We've all heard it. "I love your shoes!" "Your hair looks great!" "You look so skinny!" And, sure, when you hear these things, you feel good in that moment, but do we really get any lasting satisfaction from these kinds of acknowledgments? What happens when we change our shoes, cut our hair, or put on a few pounds? Are we no longer worth being acknowledged? Appreciated? Loved?
Physical beauty is something that holds too much importance in our society and, if you think about it, that doesn't make any sense. Why do we hold something so fickle and changing as such a high attribute? To say that how you look one day may make you more or less of a person compared to how you looked the day before or after just does not add up. I mean, think about how fashions change. What was fashionable a few years or even months ago we would be mocked for wearing today. So why put so much stock into something so unstable?
The only answer I can seem to find is that physical attributes are what we are taught to always put at the forefront of conversation. When you run into a friend at the grocery store, they hug you and say how great you look. When at a family reunion, your family talks about how much you've changed physically or look more or less like your mother, father or siblings. When a guy hits on you in a bar, he tells you you look "beautiful."

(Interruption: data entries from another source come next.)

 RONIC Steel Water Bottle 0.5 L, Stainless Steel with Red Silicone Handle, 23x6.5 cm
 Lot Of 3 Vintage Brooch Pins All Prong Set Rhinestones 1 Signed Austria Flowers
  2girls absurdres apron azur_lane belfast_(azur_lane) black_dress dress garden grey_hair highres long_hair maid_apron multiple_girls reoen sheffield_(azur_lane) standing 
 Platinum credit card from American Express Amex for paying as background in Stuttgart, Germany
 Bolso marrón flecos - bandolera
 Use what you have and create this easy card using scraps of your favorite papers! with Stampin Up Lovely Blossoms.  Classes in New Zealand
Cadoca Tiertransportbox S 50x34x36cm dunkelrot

And that's why I think this needs to stop. Stop giving into this societal urging to put physicality above all else. It will be hard. And I'm not saying you should stop telling your significant other or best friend how beautiful they are. What I'm saying is, don't make that the only thing you tell them
Recently a guy I liked was flirting with me and just when I was ready to hear him talk about how pretty I was, he didn't. He told me how much he respected my work ethic. He talked about how I pushed myself in work and school and how I made what I wanted to happen, happen. And guys, let me tell you, it rocked my world. Unlike if he had talked about my appearance, it stuck with me. Even now I think about how it feels to have been seen as someone with these characteristics. These lasting characteristics. So when I went home and got ready for bed that night, the amount of worth I had achieved from those words didn't wash-away with the makeup on my face.

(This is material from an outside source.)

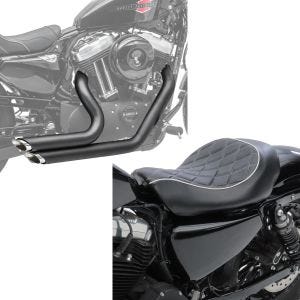 Set: Craftride Auspuff Harley Sportster Forty-Eight 48 10-13 Short-Shot Schalldämpfer Set schwarz + Solo Sitz für Harley Sportster Forty-Eight 48 10-20 Craftride SR4 Sitzbank_1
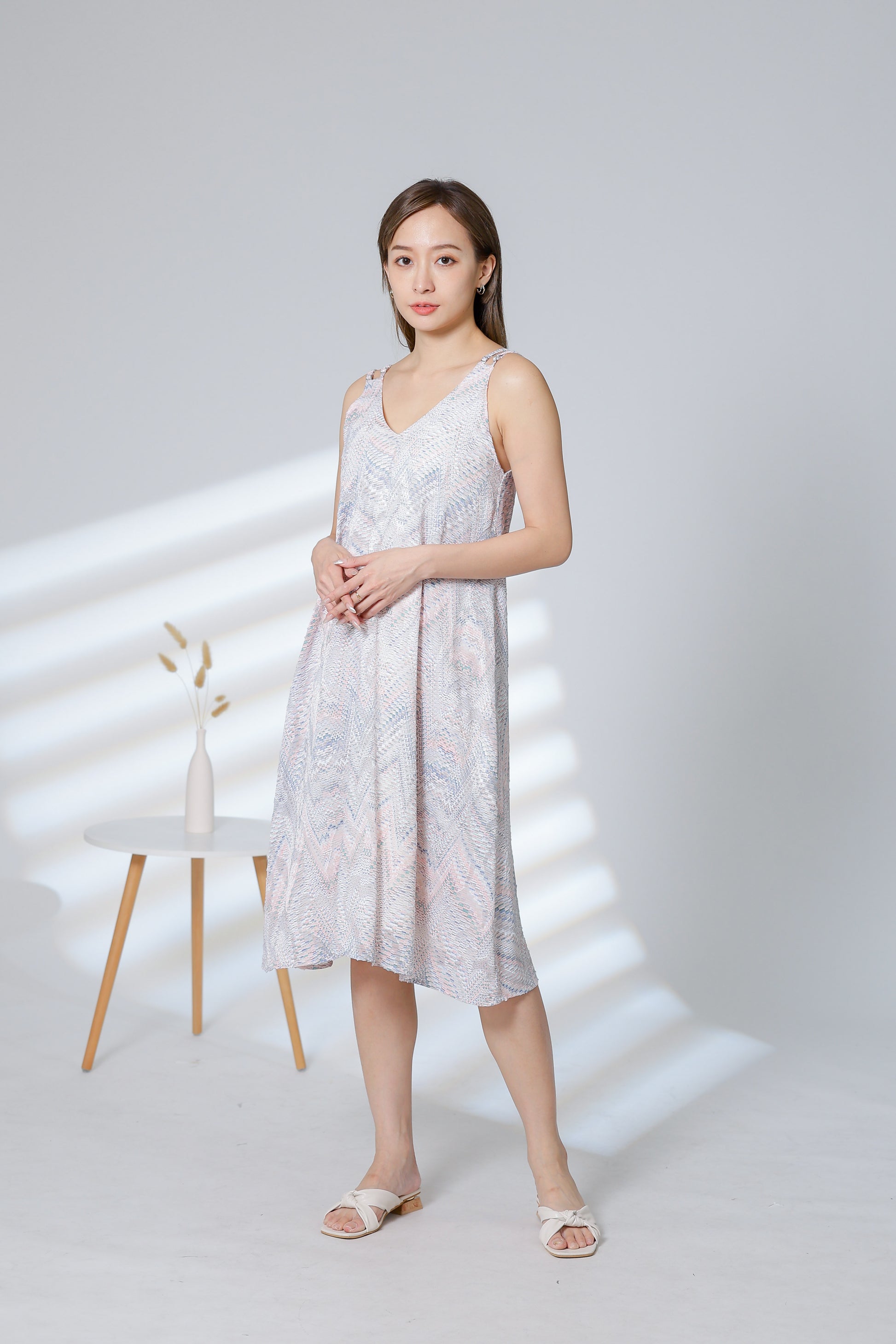 Lissa Padded Flared Dress - Pink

So perhaps next time you're talking to a friend or family member, even if you do make note of their physical appearance, maybe take the time to tell them how much you admire their confidence. Tell them about how you see how hard they've been working and that you're proud of them. Or that you see their strength, kindness, or bravery. Because, honestly, that is the truest form of beauty we, as people, can have. And it is lasting, and empowering, and really, truly, beautiful.